Another remarkable and disquieting trend that has accompanied this poor performance in Britain has been a process of de-industrialization that has taken place since the early 1990s. In 2014 the share of industry in GDP was 10.6%, or 21% including construction activities. This is down from 18.5% (31%) in 1991 (figure 2). 

Figure 2, Share of Industry in GDP, manufacturing value added (% of GDP)

Source: Eurostat

Source: Eurostat

To complete this disturbing picture productivity growth has been extremely low, averaging just 0.4% per year in Britain in the period 2011-2014 (0.8% in the Euro area and 0.9% in the European Union over the same period – Figure 3).

Figure 3, Output per hour worked (% change)

Low investment has been dragging down growth and industrial development across Europe. Even in countries like Britain where GDP growth is currently above 2% (figure 3) it is questionable whether a recovery not based on the expansion of investment, especially on innovation and technological transformation, is going to be sustainable in the medium run (Griffith-Jones and Cozzi 2016).

Figure 4, GDP growth

Source:  IMF World Economic Outlook (updated April 2016)

Source:  IMF World Economic Outlook (updated April 2016)

Britain has adopted a growth strategy that tries to circumvent this crucial problem of low investment, and instead it has sought to revive demand largely by increasing consumer debt. The Office of National Statistics (ONS) reports that during the period July 2012- June 2014 aggregate mortgage debt in Britain stood at £1,057bn, up from £960bn in the period July 2006 – June 2008. Further, ONS reports that the median amounts outstanding for household non-mortgage borrowing increased from £2,900 in the period July 2006 – June 2008 to £3,700 in the period July 2012 – June 2014. 

To reverse these worrying trends powerful action will be needed. The key to recovery and positive structural transformation in Britain is a significant increase in investment, particularly if linked to innovation and transformation towards a greener and more caring economy. Sustained investment is necessary to incorporate innovative technologies and reignite productivity growth. In a world with growing globalization and increasing competition, de-industrialization and sustainable growth can only be reversed through higher investment and increased cooperation and coordination at European level (Griffith-Jones and Cozzi 2016).

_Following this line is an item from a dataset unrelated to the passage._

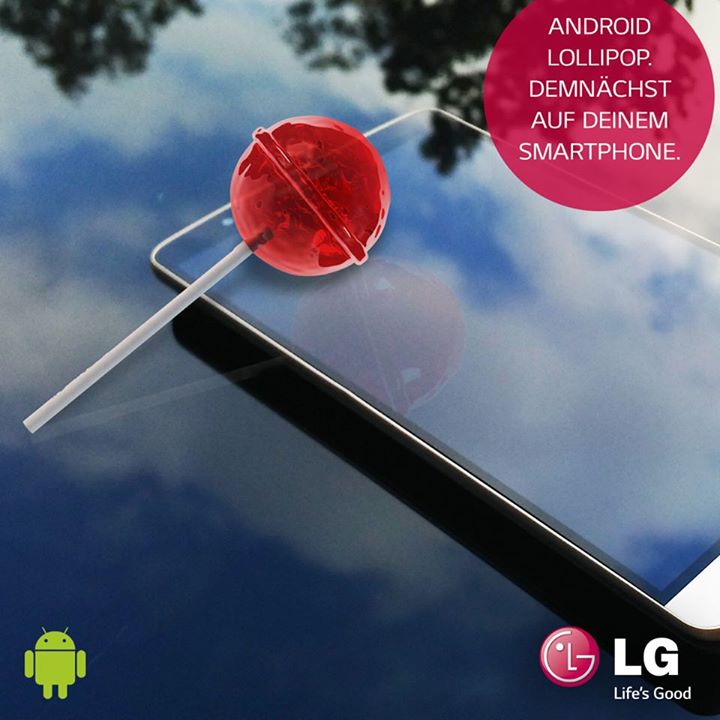 LG G2 tulajok, ti is kaptok Lollipopot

The current policy framework

The current policy framework in Britain (but also across Europe) has been characterised by the orthodox economic view that fiscal austerity leads to an expansion of economic output. As a result a series of harsh cuts to government spending have taken place in Britain since the outset of the global financial crisis. 

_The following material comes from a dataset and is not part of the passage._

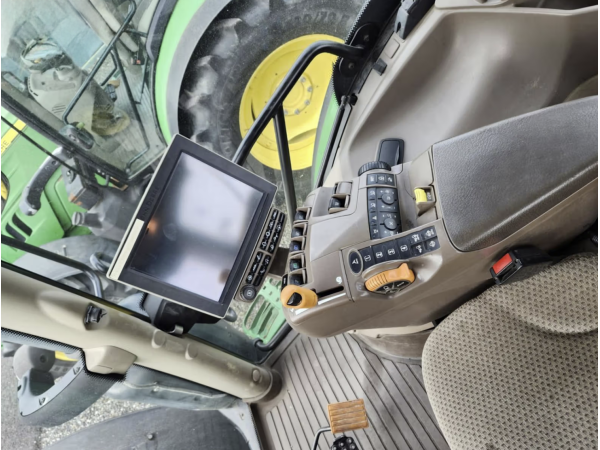 Трактор John Deere 6175R (2019)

The justification for this approach rests on the idea that public investment does not boost demand because it merely crowds out private investment, as government borrowing leads to higher interest rates and taxation (Griffith-Jones and Cozzi 2016). However, in an environment of low private investment and interest rates at record low levels, the case for “crowding out” is particularly weak. 

Indeed, Stiglitz (2012) argues that public investment, particularly in infrastructure, is likely to ‘crowd in’ private investment and that Infrastructure investment, such as in energy, transportation and telecommunication, creates demand in the short term for a wide range of goods and services in constructions and installation supply chains, and in the medium term it stimulated growth through an expanded stock of physical capital and greater efficiency.

In parallel to cuts in government spending – in particular on welfare and other crucial social infrastructure investment (i.e. in those assets that are focused on improving human capabilities and quality of life, such as investment in nurseries, community housing, and other public services providing care, health, education and training) the British government has made a small attempt to increase investment in infrastructure in order to revive the British economy. 

A significant part of this small attempt to increase investment in Britain comes from the European Investment Bank (EIB) which, as a result of the European Fund for Strategic Investment Initiative (EFSI), has increased lending for investment to Britain by £735 million in 2015 – equal to one-third of all EFSI supported lending in 2015 (HM Treasury 2015).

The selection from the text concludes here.